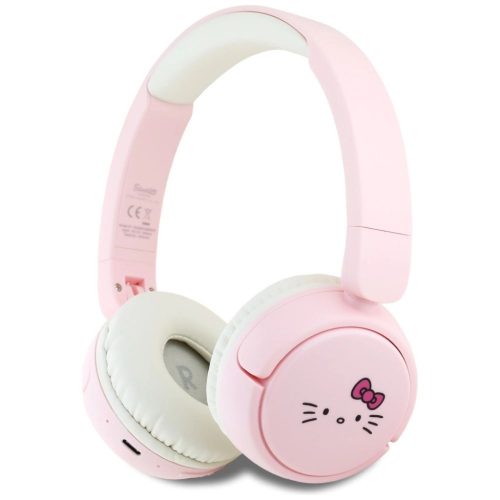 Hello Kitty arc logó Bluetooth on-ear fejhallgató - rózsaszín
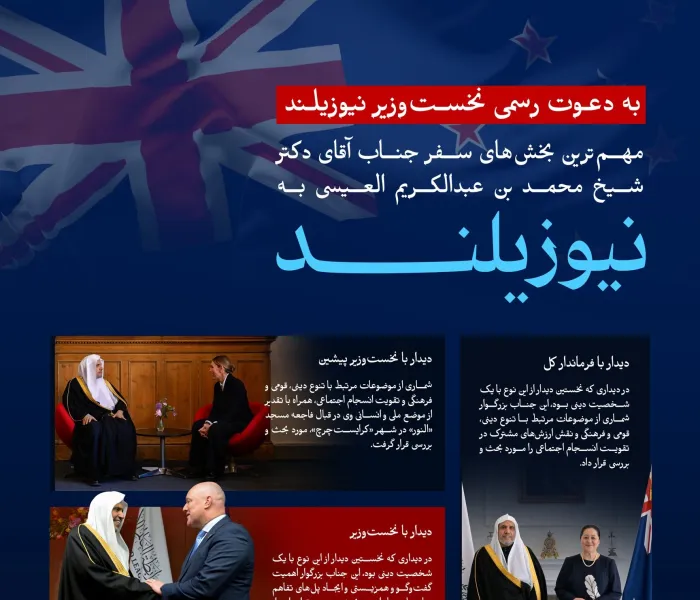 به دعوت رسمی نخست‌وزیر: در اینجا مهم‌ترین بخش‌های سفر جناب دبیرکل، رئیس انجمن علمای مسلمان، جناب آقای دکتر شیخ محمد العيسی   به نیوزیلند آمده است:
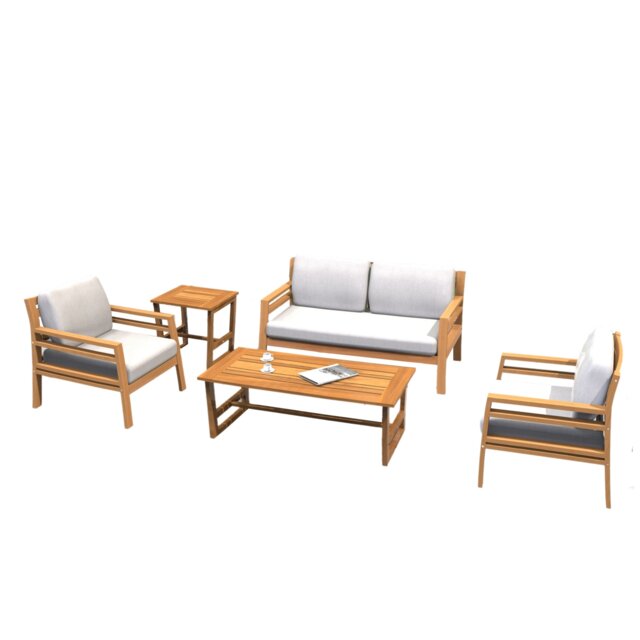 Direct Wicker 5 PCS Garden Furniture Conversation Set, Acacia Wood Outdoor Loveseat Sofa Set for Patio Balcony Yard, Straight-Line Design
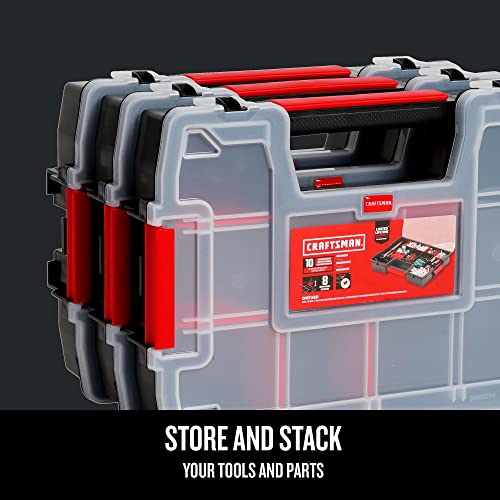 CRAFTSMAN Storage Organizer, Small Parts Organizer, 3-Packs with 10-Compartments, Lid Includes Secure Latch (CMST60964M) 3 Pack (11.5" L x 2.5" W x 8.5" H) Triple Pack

——————————

Copy exactly, please, every line from the one holding "Direct Wicker 5" through the last line of the data, both ends included, and no pictures.

RESPONSE FOR THIS EXERCISE ->
 Direct Wicker 5 PCS Garden Furniture Conversation Set, Acacia Wood Outdoor Loveseat Sofa Set for Patio Balcony Yard, Straight-Line Design
 CRAFTSMAN Storage Organizer, Small Parts Organizer, 3-Packs with 10-Compartments, Lid Includes Secure Latch (CMST60964M) 3 Pack (11.5" L x 2.5" W x 8.5" H) Triple Pack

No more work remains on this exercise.